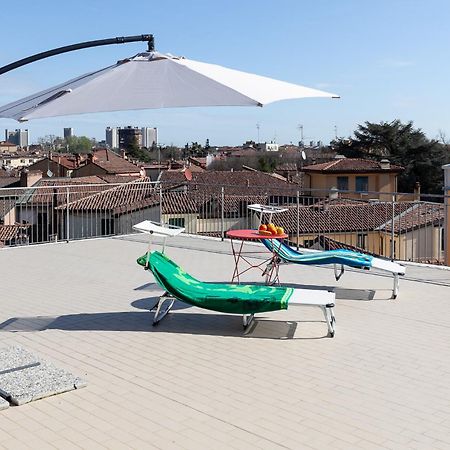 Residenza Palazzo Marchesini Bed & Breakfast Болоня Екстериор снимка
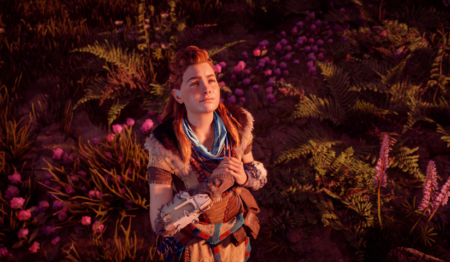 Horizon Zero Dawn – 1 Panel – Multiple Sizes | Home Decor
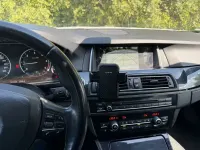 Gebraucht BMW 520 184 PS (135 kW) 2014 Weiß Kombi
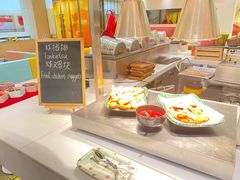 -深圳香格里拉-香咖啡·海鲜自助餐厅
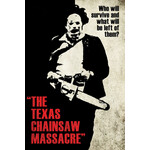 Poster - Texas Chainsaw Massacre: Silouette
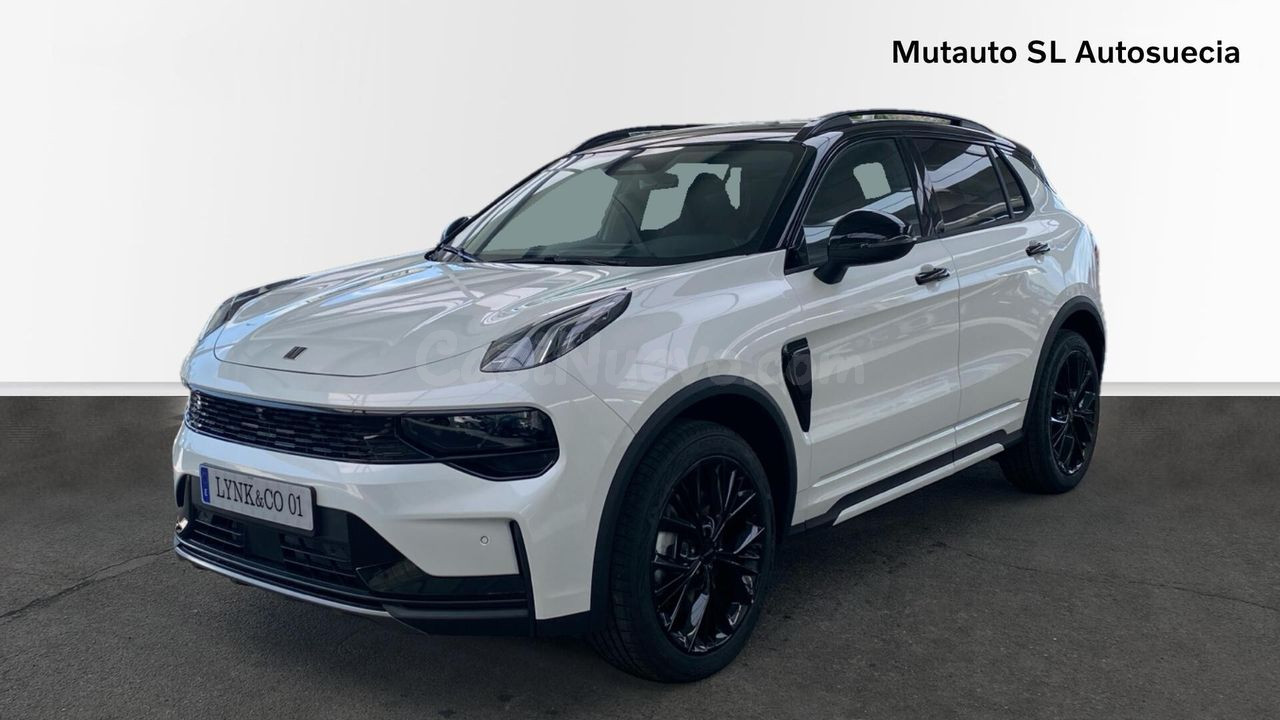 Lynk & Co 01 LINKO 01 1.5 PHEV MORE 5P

...

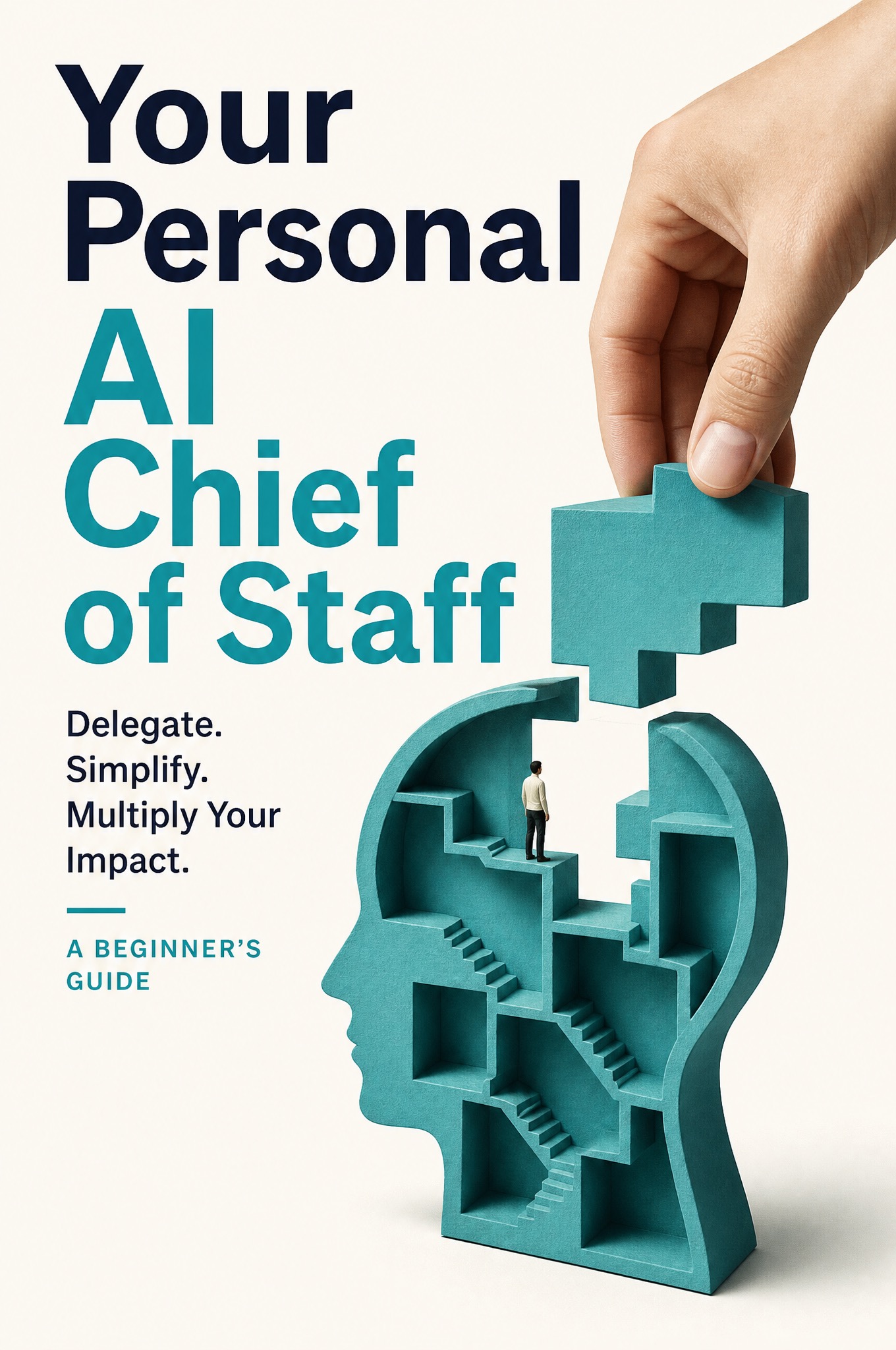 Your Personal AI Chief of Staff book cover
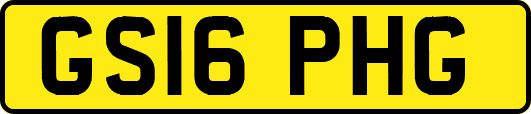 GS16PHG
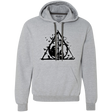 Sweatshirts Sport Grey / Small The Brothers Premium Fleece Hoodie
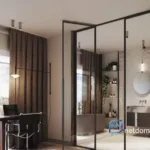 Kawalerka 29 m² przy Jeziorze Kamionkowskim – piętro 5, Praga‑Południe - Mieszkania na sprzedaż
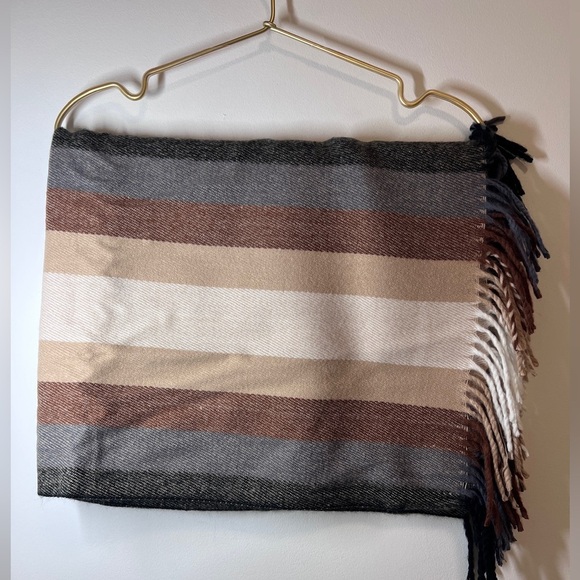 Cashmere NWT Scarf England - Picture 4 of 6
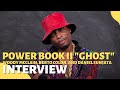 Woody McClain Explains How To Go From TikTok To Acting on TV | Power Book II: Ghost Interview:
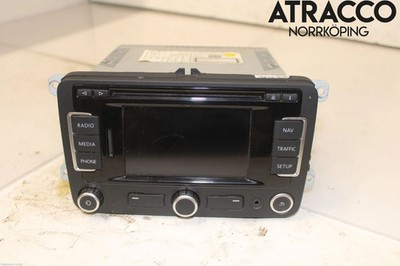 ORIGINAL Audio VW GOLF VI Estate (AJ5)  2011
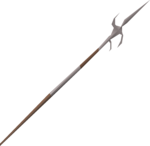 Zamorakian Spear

---

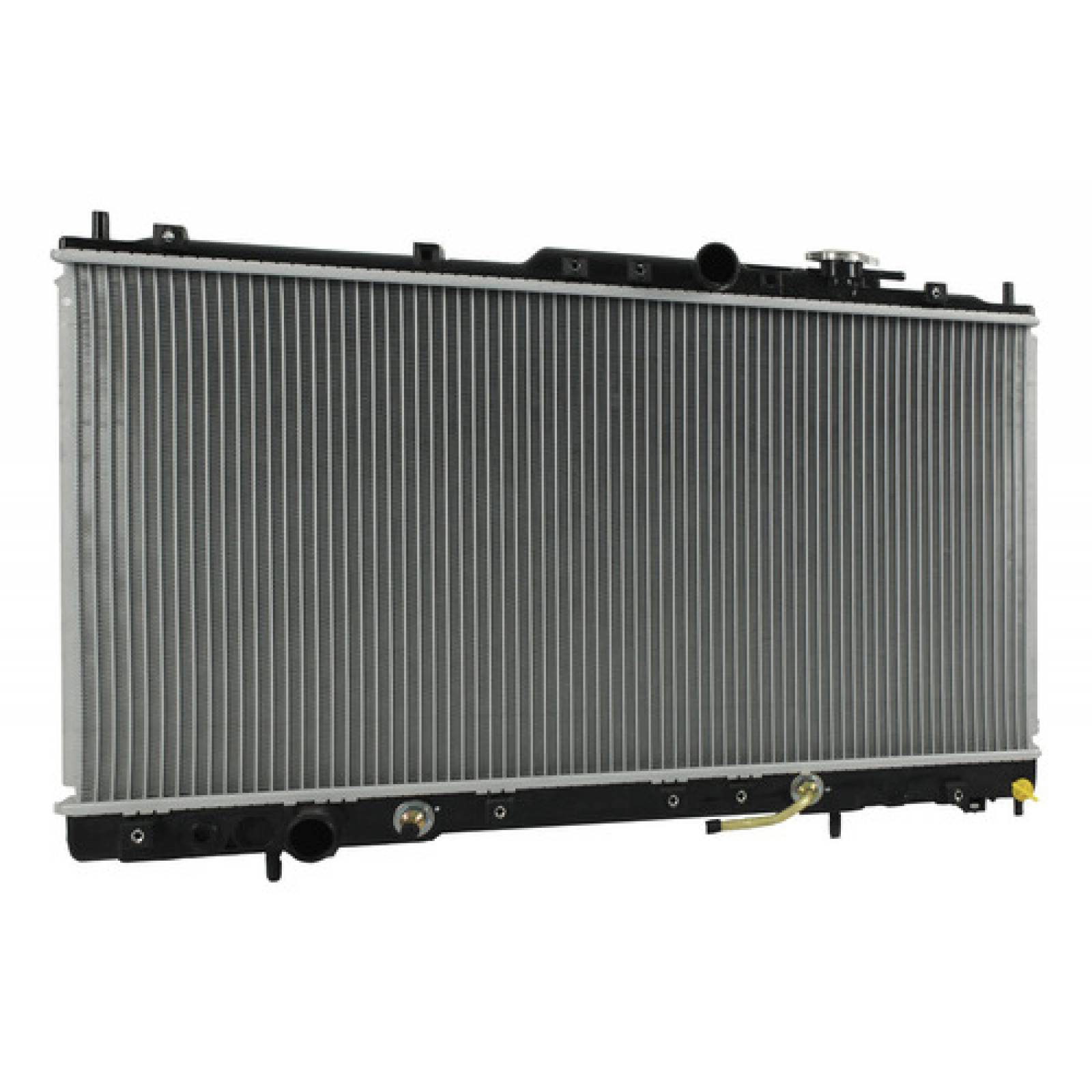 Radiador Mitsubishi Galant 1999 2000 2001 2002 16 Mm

▶ [Instructions for the task]:
When copying from the data above, begin at the line containing "ORIGINAL Audio VW" and end at the line containing "Zamorakian Spear"; return those lines exactly and leave all pictures behind.

▶ [Output of the task]:
 ORIGINAL Audio VW GOLF VI Estate (AJ5)  2011
 Zamorakian Spear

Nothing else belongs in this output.